# Work order
From the data that follows, print exactly the lines starting at the one containing "Indo Indian Cuisine - Accommodation Cairns" and ending at the one containing "ΧΡΥΣΑΝΘΟΣ ΜΑΡΑΒΕΑΣ"; include both of them and nothing more.

# Data shown
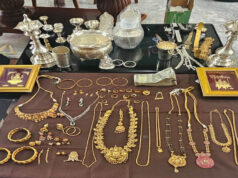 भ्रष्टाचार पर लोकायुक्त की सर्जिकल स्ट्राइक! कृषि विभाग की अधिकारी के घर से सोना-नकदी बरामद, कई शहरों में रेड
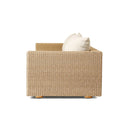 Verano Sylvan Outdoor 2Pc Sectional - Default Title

==

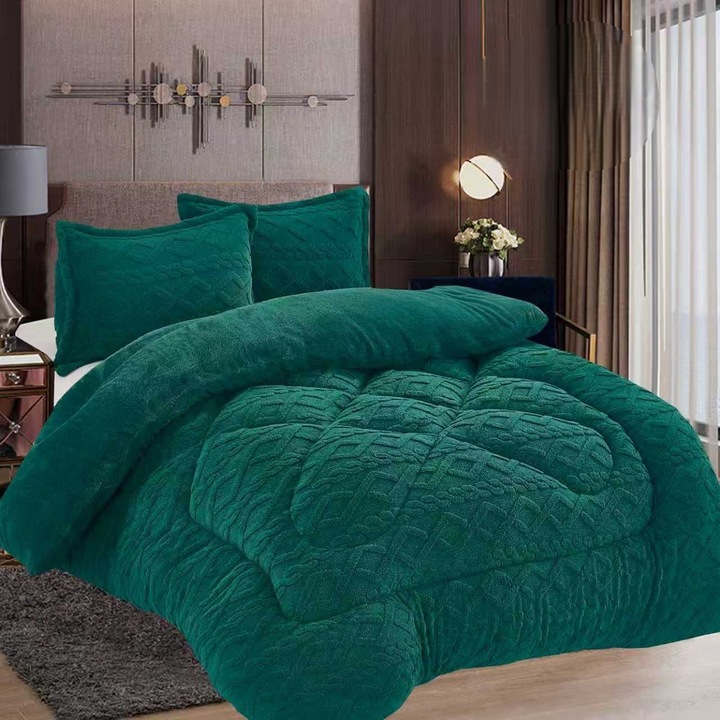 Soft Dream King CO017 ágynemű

--

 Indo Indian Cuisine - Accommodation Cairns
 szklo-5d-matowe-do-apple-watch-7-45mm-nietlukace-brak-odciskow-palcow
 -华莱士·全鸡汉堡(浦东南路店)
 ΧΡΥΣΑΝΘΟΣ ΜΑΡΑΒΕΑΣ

# Answer for this exercise
 Indo Indian Cuisine - Accommodation Cairns
 szklo-5d-matowe-do-apple-watch-7-45mm-nietlukace-brak-odciskow-palcow
 -华莱士·全鸡汉堡(浦东南路店)
 ΧΡΥΣΑΝΘΟΣ ΜΑΡΑΒΕΑΣ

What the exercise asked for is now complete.